2) The KMS provides a response containing key material. The response includes the type of key material, the period of use for the material and any domain-specific parameters required for its use. Optionally, the key material itself may also be wrapped using a 256-bit transport key (TrK), distributed via an out-of-band mechanism along with a 32-bit identifier (TrK-ID).
As a result of this procedure, the key management client has securely obtained key material for use within the MCPTT system.
7.2.4 Provisioned key material to support end-to-end communication security
End-to-end communication security for either group or private calls requires the provisioning of key material from the KMS. The key material required to be provisioned to each user is listed below:
– Domain specific key material, also known as a MCPTT KMS Certificate, which includes:
– The MCPTT KMS Public Authentication Key (KPAK in IETF RFC 6507 [9]).
– The MCPTT KMS Public Confidentiality Key (Z_T in IETF RFC 6508 [10]).
– The UID conversion (as described below).
– Choice of cryptographic domain parameters (such as those listed in IETF RFC 6509 [8]).
– The time period for which this information is valid.
– A user signing key for each UID for the upcoming time period (SSK and PVT in IETF RFC 6507 [9]).
– A user decryption key for each UID for the upcoming time period (RSK in IETF RFC 6508 [10]).
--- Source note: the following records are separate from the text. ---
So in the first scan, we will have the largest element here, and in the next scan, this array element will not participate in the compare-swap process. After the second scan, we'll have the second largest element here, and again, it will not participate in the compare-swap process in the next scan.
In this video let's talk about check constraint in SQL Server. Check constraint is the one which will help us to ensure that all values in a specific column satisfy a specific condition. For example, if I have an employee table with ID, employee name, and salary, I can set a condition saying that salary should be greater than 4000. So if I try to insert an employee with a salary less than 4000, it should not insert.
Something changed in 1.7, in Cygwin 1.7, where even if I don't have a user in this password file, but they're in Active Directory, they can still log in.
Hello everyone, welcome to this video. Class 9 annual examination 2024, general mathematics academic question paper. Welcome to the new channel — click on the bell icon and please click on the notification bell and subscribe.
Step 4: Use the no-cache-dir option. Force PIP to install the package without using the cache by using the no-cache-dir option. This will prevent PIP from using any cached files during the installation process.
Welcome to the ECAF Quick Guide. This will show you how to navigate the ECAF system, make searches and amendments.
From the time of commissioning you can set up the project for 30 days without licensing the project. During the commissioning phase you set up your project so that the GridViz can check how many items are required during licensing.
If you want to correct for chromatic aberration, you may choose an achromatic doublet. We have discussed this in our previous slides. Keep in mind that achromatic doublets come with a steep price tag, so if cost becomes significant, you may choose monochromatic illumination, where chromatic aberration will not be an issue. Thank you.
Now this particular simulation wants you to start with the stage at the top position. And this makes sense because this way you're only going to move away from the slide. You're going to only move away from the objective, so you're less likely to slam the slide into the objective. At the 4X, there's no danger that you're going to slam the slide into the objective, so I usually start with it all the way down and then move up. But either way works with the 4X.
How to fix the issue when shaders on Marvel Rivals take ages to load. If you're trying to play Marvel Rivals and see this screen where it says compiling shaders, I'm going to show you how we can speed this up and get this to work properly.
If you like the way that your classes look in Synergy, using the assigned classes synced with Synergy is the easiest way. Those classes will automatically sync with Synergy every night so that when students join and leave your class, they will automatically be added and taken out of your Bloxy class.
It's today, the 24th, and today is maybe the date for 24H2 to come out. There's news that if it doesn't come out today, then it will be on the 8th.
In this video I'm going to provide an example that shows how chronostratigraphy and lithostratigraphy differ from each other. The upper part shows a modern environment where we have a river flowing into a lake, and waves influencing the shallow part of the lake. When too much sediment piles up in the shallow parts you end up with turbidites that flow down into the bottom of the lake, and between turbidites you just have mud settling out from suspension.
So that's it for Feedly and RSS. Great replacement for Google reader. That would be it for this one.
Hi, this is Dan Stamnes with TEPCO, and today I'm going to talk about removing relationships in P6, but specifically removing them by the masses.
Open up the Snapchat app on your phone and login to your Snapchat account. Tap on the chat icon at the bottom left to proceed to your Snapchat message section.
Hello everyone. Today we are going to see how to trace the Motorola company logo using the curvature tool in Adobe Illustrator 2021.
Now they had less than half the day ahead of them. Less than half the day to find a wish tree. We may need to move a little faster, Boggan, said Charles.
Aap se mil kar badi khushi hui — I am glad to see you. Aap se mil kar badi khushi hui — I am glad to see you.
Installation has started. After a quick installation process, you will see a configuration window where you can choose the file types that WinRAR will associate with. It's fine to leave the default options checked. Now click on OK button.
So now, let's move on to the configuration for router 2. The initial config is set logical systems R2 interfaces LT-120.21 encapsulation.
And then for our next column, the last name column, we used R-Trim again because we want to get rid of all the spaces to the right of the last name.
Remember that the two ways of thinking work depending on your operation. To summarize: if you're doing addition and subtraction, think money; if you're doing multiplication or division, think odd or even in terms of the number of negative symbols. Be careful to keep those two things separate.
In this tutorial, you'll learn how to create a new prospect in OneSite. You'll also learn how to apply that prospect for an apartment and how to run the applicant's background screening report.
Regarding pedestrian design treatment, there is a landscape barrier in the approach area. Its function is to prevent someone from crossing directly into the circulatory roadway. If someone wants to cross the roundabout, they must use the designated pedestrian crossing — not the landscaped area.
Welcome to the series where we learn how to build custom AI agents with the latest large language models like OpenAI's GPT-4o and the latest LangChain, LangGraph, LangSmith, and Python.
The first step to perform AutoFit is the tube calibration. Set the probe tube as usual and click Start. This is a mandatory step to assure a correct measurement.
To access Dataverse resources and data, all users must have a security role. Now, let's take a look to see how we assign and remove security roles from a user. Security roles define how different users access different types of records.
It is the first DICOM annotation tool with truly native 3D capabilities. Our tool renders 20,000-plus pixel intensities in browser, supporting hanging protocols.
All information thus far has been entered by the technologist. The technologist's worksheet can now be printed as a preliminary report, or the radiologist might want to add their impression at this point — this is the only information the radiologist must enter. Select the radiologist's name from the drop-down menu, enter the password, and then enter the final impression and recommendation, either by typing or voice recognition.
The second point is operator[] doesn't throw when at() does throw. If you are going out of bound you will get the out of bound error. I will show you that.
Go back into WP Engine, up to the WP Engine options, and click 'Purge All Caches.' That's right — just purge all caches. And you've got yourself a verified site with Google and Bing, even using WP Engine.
– The time period, for which the user key material is valid (e.g. month).
The UID conversion mechanism defines how UIDs are generated. Using this information a MCPTT client can take a user identifier (e.g. an MCPTT ID), and the current time, (e.g. the year and month) and convert these to a UID.
EXAMPLE: UID = Hash (MCPTT ID, KMS URI, validity period info).
As a consequence, there is a one-to-one correspondence between MCPTT IDs and UIDs during each time period.
After provisioning, the key material may be stored in the user’s profile.